Often, when I say something out loud, I think I’m talking to myself, but when my horse overhears, it’s clear that he knows whom I’m really talking to. For example, some time ago, I kept wishing that one of my horses would relieve himself in the straw on the edges of his stall rather than in the middle of his stall, where he walked all over it and made a mess.
Night after night (because I pick stalls at night check), I would think to myself, “I wish…” One night, for no reason in particular, I said it out loud. I really thought I was talking to the air, but I did say, in a normal tone of voice, “I wish you would…” The next morning, done! All I had to do was say something. Nicely, of course.
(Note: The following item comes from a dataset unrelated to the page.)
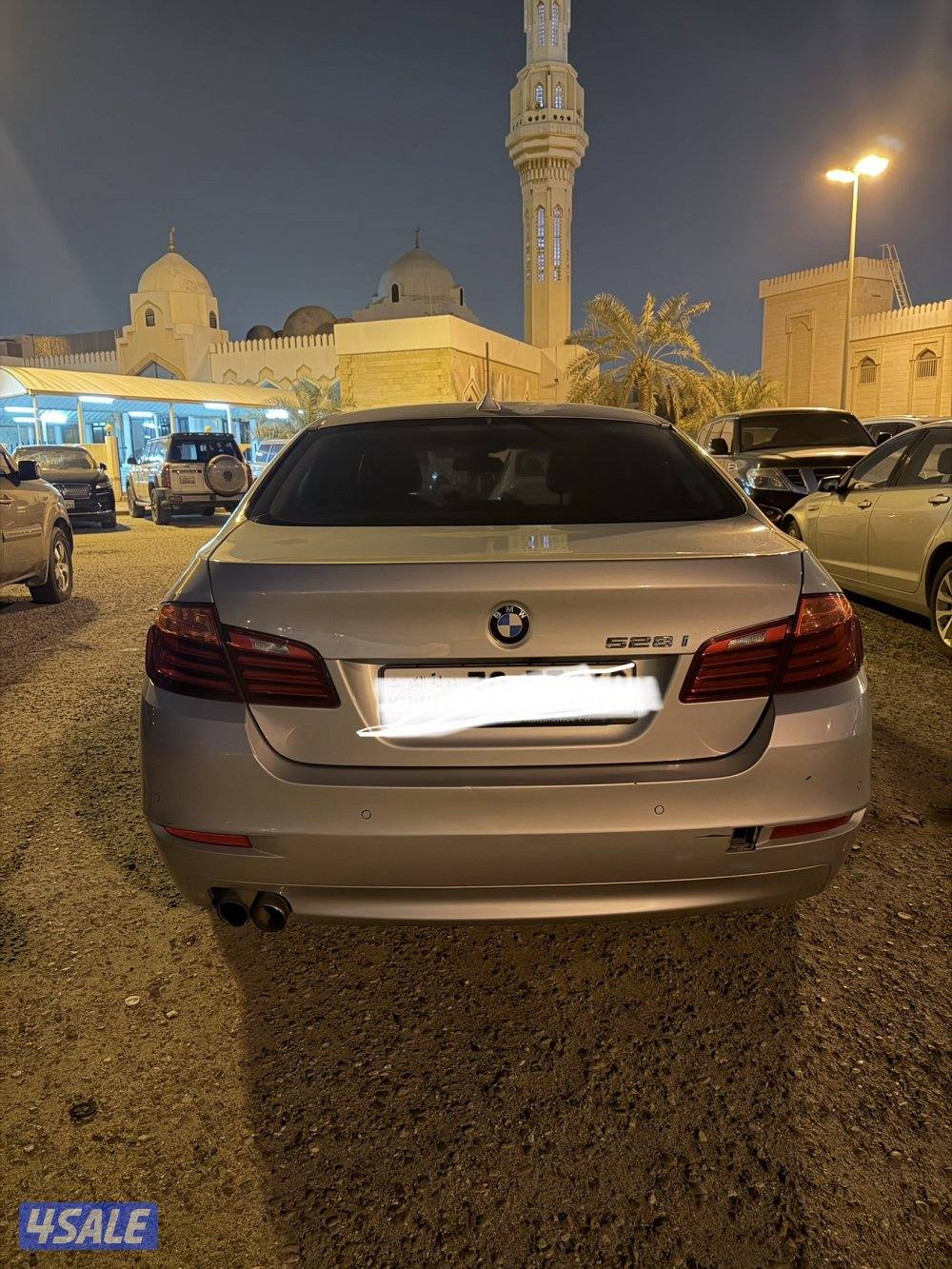 BMW 528i0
All this comes as no surprise, I’m sure, to Masaru Emoto.
In 1994, Dr. Emoto began working with frozen water, observing frozen crystals with his microscope. He discovered that no two crystals were the same. Just like people — and horses.
More interesting than that, after what Dr. Emoto called “giving good words, playing good music, and showing, playing or offering pure prayer” to water, he was able to observe beautiful crystals. Like this:
After giving negative words, he observed disfigured crystals. Like this:
Words count. It’s important to say them, not just to think them. With water. And people. And horses. And it’s important that they be nice words.
As Dr. Emoto says, “Words are the vibrations of nature. Therefore, beautiful words create beautiful nature. Ugly words create ugly nature. That is the root of the universe.”
Does this make any sense? To some of us, I’m sure the answer is no. But to those of us who talk to our horses, and say good words, and see them work, the answer is yes.
What words were whispered by the first horse whisperers? We can only guess, but Dr. Emoto’s crystals tell us that sweet nothings are really sweet somethings. Remember that when you see your next snowflakes. Or the next time you see your horse.
Thank you for more words to ponder, Katie. I don’t know if uttering our requests out loud will help us reach that goal any sooner, but we’ve all heard “if you don’t have anything nice to say, don’t say anything” so why wouldn’t we apply that to our horses?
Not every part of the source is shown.